Le problème est le même pour les lames de laryngoscope jetables : celles en plastique sont souvent de mauvaise qualité, rendant parfois difficile une intubation a priori facile et provoquant un échec d’intubation lorsqu’elle est difficile. Pour le vérifier, une étude a été réalisée par le groupe d’anesthésistes de la Pitié-Salpêtrière, à Paris, publiée en 2006 dans la revue « Anesthesiology » sur des intubations en urgence sur estomac plein, où il faut intuber très vite sous peine de prendre un risque d’inhalation (crash induction). Un premier groupe de 137 malades a été intubé avec une lame classique et un second groupe de 147 patients avec une lame plastique. Il y a eu 4 échecs d’intubation dans le premier groupe contre 25 dans le second. Mais lors d’un nouvel essai avec une lame classique, tous les patients en échec dans le second groupe ont été intubés sans problème. L’équipe en a conclu qu’il ne fallait pas utiliser les lames en plastique pour des intubations en urgence sur estomac plein. Il semble qu’il faille disposer de matériel traditionnel à portée de main, pour toute intubation au cas où elle se révélerait difficile. Pour le Pr Gouin : «En attendant d’avoir des lames jetables de bonne qualité et en quantité suffisante –sur 8 à 9millions d’anesthésies par an, 3,5millions se font avec intubation–, on ne peut proposer du matériel à usage unique pour toutes les intubations. Ce serait prendre un risque réel (échec d’intubation) pour éviter un risque virtuel de transmission du nouveau variant de la maladie de Creutzfeldt-Jakob!»

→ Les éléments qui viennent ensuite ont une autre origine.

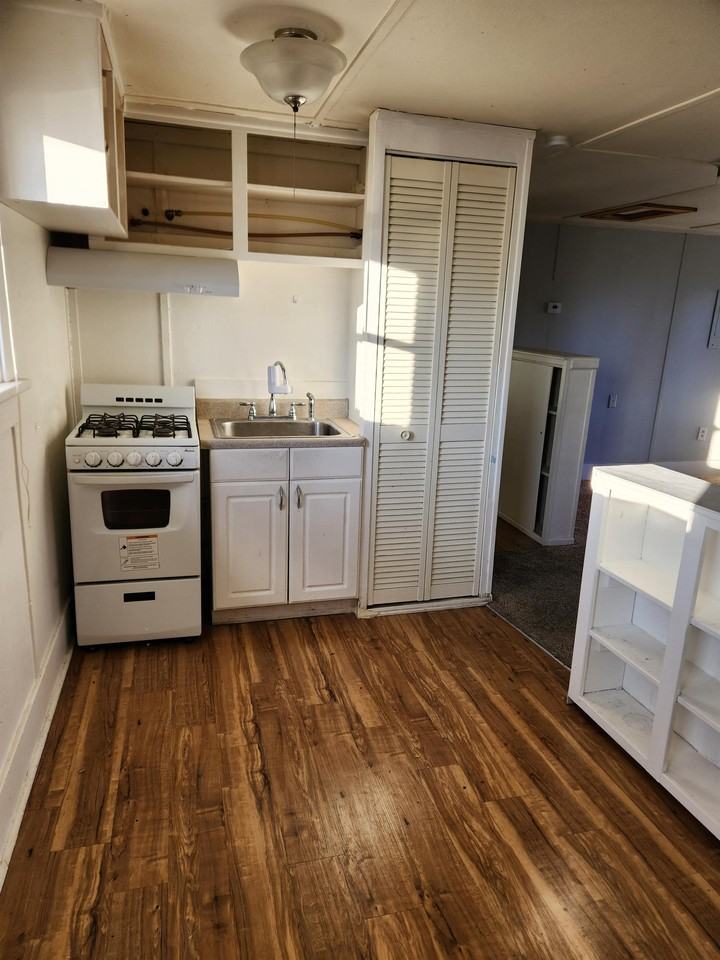 765 North Colorado Avenue - Photo 7 of 17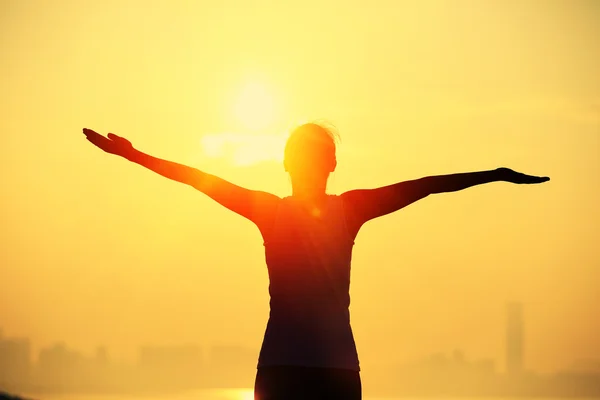Woman open arms under the sunrise — Stock Photo, Image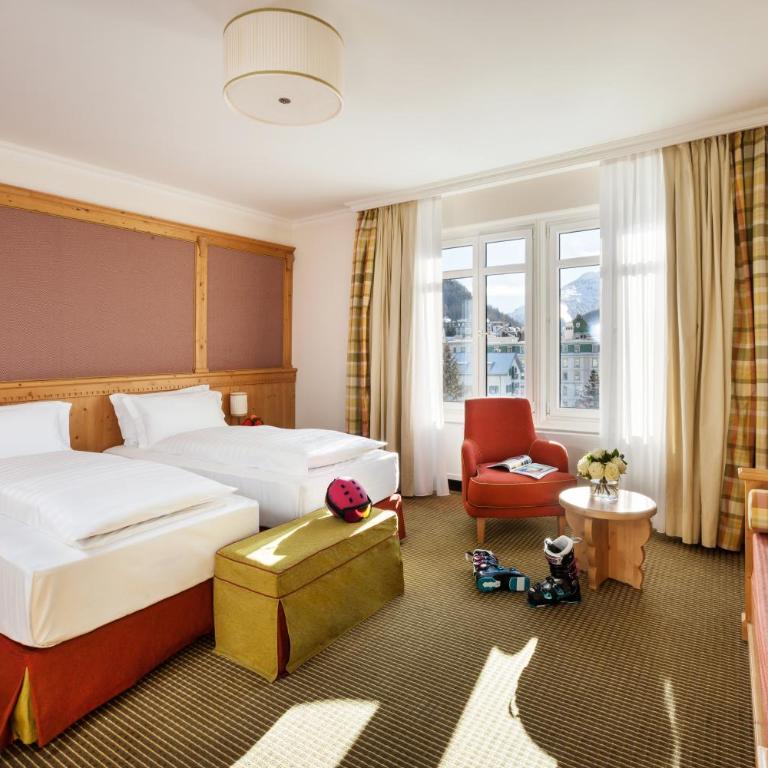 Schloss Hotel & Spa Pontresina - Superior Dreibettzimmer mit Zugang zum Spa - 9
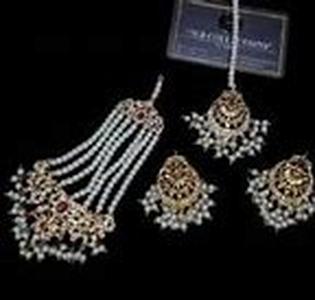 Gold Versus Silver Jewelry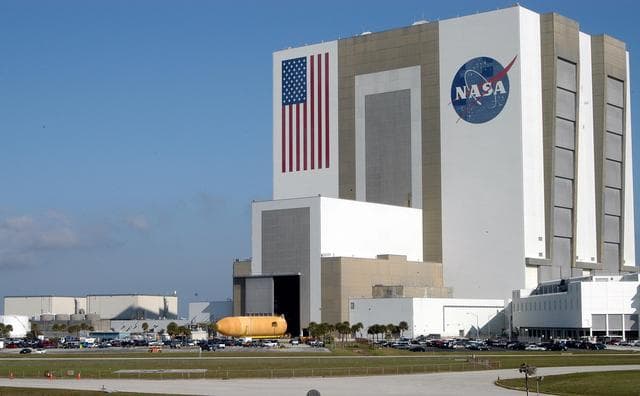 NASA image: KSC-04pd1267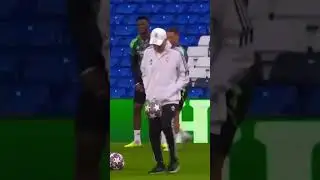 Ancelotti Ball Skills are still ridiculously good! #carloancelotti #ancelotti #ifnnews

D’après un entretien avec le Pr François Gouin, chef du service d’anesthésie-réanimation de l’hôpital La Timone, CHU de Marseille.
Un vrai casse-tête
Quand on découvre aposteriori que du matériel a été utilisé chez un patient atteint de la maladie de Creutzfeldt-Jakob, il doit être détruit. Se pose la question de savoir s’il faut prévenir ou non les malades qui y ont été exposés, pour les alerter. Le ministère a laissé aux médecins le libre choix de prendre cette décision. «Mais il semble vraiment difficile de contacter un ancien malade pour lui dire qu’il a peut-être un risque de déclarer une maladie dont on ne connaît pas la période d’incubation (très longue), qui est toujours mortelle et pour laquelle il n’y a jamais eu de preuve qu’un laryngoscope puisse la transmettre!», souligne le Pr Gouin.